By Martin Patience
BBC News, Jerusalem
On buses and billboards across Jerusalem, a poster depicts three men not commonly associated with each other - US President George Bush, Hamas leader Ismail Haniya and Hezbollah leader Hassan Nasrallah.
Pollard supporters lump Bush with Haniya and Nasrallah
But what does George Bush have in common with two men he must regard as arch enemies?
The tagline of the poster makes it clear - "Bush, free your captive!"
Hamas has been holding an Israeli soldier captive in Gaza since 2006, while Hezbollah captured two Israeli soldiers.
The "captive" that Mr Bush is being asked to set free is Jonathan Pollard.
The case of Pollard, a US Navy intelligence analyst who gave classified material to Israel, is a sore point in otherwise excellent relations between Israel and the US.
In 1987, Pollard was sentenced to life imprisonment without parole.
The Israelis publicly admitted that Pollard was their agent in 1998 and awarded him Israeli citizenship.
Mrs Pollard has written to Mr Bush pleading for clemency
During Mr Bush's three-day visit to Israel and the West Bank, Pollard's supporters are once again demanding his release.
Along with the poster campaign and small rallies, his wife, Esther, has written a letter to the US president pleading for clemency.
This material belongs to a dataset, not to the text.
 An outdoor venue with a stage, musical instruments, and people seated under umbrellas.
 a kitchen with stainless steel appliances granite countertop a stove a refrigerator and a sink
Pollard's supporters argue that he could not have committed "treason" as both Israel and the US are allies. They say that Pollard fully co-operated with a subsequent investigation, only to receive an unduly harsh sentence.
Mrs Pollard says that the refusal to release her husband is politically motivated and that the US is using him as "bargaining chip".
"At every single juncture my husband's plight is exploited for political gain," she told BBC News.
"Both the US administration and the state department are very aware of his value to the Israeli public."
The documents that Pollard leaked have never been made public for intelligence reasons. But they were said to include information on Soviet arm shipments to Syria, Iraqi and Syrian chemical weapons, the Pakistani atomic bomb and Libyan air defences, according to the author and journalist Wolf Blitzer in his book Territory of Lies.
While Pollard's supporters seek to play down his actions, many American officials regard him as a traitor and as a man who seriously damaged US security interests.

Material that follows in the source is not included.